観察 Observation

研究室メンバーによる自然についてのエッセー

スイスで見た自然と人の在り方

2013-08-24 08:06:47 | 13.8
4年 萩原もえか

 この夏休み、私は初めてスイスに行ってきた。私にとって、スイスは「ハイジ」に見るような自然の中に牧場があり雄大な国というイメージであった。実際、そのイメージ通りの国であった。
 私の旅行の目的はユングフラウ、マッターホルン、モンブラン三大名峰を見ることだった。そのために登山列車、ロープ―ウェイを使い頂上まで行った。ロープ―ウェイは30分ほどで3000m、4000mの地点まで登った。出発地点の気温は25℃ぐらいだが、頂上は-2℃と大きな差があった。私は初めて高い山に登ったので、空気が薄い場所では頭がふらふらし、少し苦しかった。



夕日のマッターホルン

 頂上では氷河を見ることができた。ロープウェイが登ってゆく途中、氷河を登っている人を見ることができた。こんなに寒いし、誤ってクレバスに落ちれば命はない。こんな死と隣り合わせの登山にたくさんの人が挑んでいるのをみて理解できないと思った。しかし、そうして自分の足で登頂したときは、ロープ―ウェイで登った人とは違う感動があるのだろうなと感じた。
 私は事前にそこに生息している野鳥、哺乳類について情報を調べていたが、クロウタドリ以外の野鳥を見ることができなかった。哺乳類はいないかなと思っていたら、遠くの山の尾根沿いに黒い影があった。シャモアかな?アイベックスかな?と双眼鏡を覗いてみると・・・頭から体の半分までが黒く、そこから尻尾までが白い家畜のヤギであった。残念。


唯一見られたクロウタドリ

 これまでに3つの山を訪れたがどの山も乗り物が充実しており、誰でも簡単に景色を見ることができる。
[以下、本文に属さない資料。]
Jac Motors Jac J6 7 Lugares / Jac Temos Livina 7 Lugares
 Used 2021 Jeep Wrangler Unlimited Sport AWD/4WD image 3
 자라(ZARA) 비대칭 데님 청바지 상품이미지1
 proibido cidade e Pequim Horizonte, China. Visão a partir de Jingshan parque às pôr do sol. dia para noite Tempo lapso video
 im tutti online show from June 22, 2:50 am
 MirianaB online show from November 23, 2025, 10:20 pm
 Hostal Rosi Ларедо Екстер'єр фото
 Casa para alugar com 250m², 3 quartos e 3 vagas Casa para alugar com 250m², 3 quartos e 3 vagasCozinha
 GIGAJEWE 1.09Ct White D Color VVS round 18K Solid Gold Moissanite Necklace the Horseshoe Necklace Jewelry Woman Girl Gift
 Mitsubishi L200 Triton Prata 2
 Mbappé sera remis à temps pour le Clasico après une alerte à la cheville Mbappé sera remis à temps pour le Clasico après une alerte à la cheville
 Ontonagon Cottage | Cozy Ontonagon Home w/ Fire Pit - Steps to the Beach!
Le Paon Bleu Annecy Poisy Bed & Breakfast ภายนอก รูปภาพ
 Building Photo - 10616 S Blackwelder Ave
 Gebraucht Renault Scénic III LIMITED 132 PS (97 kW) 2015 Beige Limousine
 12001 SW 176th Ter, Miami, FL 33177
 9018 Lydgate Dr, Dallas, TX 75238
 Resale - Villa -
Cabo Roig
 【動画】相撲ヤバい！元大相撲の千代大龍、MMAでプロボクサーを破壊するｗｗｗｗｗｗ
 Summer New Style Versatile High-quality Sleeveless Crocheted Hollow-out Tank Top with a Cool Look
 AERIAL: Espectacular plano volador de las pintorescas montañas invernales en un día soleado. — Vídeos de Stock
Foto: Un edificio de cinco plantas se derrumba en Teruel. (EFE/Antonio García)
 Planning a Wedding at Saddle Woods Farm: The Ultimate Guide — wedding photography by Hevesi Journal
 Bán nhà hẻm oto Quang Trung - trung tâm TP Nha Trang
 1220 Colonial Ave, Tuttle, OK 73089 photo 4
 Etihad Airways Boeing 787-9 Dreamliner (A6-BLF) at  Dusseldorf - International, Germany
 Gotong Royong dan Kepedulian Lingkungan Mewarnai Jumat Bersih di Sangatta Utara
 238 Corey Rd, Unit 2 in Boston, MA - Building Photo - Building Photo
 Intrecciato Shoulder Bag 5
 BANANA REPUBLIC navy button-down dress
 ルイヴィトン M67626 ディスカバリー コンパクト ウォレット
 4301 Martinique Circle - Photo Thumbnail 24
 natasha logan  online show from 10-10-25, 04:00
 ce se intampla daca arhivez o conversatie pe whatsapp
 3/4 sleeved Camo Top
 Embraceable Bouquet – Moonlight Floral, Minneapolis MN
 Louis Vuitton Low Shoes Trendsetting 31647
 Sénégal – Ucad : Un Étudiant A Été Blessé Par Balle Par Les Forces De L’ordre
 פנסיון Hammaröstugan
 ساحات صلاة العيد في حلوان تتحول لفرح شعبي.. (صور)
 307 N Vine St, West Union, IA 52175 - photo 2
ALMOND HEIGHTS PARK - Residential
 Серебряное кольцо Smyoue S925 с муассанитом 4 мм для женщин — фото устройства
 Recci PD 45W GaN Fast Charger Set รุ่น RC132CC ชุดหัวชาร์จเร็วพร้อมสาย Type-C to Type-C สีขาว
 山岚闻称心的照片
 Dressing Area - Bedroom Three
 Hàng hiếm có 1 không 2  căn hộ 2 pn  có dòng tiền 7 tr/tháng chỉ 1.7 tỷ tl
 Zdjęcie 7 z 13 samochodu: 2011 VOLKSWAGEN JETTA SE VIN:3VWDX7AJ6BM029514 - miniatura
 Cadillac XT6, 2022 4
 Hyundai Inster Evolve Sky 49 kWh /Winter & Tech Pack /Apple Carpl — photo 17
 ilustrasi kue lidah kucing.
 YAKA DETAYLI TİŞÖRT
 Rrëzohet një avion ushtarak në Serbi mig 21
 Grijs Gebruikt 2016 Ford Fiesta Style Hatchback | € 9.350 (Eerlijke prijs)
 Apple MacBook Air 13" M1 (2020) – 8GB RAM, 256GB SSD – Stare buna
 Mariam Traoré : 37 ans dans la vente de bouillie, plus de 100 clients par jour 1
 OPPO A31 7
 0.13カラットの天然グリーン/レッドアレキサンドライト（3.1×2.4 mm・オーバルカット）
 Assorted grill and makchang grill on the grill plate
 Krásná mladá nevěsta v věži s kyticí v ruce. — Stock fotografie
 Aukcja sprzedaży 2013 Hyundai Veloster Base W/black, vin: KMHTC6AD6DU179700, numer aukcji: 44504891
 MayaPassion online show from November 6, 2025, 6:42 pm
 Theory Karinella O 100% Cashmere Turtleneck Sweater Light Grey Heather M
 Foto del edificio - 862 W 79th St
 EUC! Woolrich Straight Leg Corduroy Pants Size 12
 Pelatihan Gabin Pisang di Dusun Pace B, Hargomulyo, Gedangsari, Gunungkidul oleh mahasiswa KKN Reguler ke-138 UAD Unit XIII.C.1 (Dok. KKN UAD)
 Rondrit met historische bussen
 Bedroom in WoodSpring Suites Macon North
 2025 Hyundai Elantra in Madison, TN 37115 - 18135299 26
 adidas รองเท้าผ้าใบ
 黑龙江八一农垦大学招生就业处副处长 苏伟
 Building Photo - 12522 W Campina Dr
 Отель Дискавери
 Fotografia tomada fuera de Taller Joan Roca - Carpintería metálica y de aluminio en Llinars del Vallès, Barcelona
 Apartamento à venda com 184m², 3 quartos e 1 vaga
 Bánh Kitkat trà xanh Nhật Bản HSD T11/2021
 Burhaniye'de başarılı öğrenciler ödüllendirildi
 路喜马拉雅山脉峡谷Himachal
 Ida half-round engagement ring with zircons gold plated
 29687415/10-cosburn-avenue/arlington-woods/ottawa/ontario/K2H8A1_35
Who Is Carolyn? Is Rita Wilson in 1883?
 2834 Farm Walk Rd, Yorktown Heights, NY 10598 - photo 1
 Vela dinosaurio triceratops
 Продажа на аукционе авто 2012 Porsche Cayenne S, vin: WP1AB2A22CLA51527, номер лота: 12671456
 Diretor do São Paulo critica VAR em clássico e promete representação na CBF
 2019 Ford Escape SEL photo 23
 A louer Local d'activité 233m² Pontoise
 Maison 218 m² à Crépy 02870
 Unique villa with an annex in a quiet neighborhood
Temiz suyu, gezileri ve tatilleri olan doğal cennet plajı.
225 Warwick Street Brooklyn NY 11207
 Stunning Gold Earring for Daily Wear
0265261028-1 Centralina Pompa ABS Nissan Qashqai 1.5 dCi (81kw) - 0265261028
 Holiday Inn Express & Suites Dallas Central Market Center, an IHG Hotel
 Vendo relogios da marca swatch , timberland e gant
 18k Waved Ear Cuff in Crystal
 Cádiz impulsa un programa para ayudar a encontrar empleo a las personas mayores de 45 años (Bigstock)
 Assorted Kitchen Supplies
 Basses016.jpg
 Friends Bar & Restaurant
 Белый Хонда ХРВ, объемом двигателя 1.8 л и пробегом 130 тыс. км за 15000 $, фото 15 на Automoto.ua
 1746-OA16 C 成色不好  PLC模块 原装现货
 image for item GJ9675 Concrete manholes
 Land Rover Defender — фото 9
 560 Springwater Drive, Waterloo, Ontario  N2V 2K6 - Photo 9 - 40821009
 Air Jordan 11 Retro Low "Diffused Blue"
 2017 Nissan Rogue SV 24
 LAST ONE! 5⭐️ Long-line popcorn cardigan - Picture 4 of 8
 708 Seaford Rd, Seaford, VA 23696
でも、これらが山に悪影響を与えているはずだとも思った。
 けれども環境に配慮した素晴らしいことがあった。私がチューリッヒからツェルマットへバスで移動しているとき、ガイドさんに急に車を降りるように言われた。どうしてかなと思ったら、ツェルマットではガソリン車が禁止されているため、電気自動車に乗り換えなければならないということであった。その徹底した環境配慮に感心した。また、スイスは国全体が農業を尊重し誇りに思っていようだった。その源はスイスの小学校で誰もが行っている農業体験にあるらしい。その農業体験は数週間あり、その間子供たちは牛の世話をしたり、街へ出て牛乳を売るなどの手伝いをする。そして農業の大変さ、食のありがたさを知るということだ。


高原に放牧された牛たち

 スイスは自然を愛するとともに、農業を大切にし、誇りしているという点で素晴らしい国だと思った。そして、日本もスイスのように自然や農業を一人一人が考える国になってほしいと心から思った。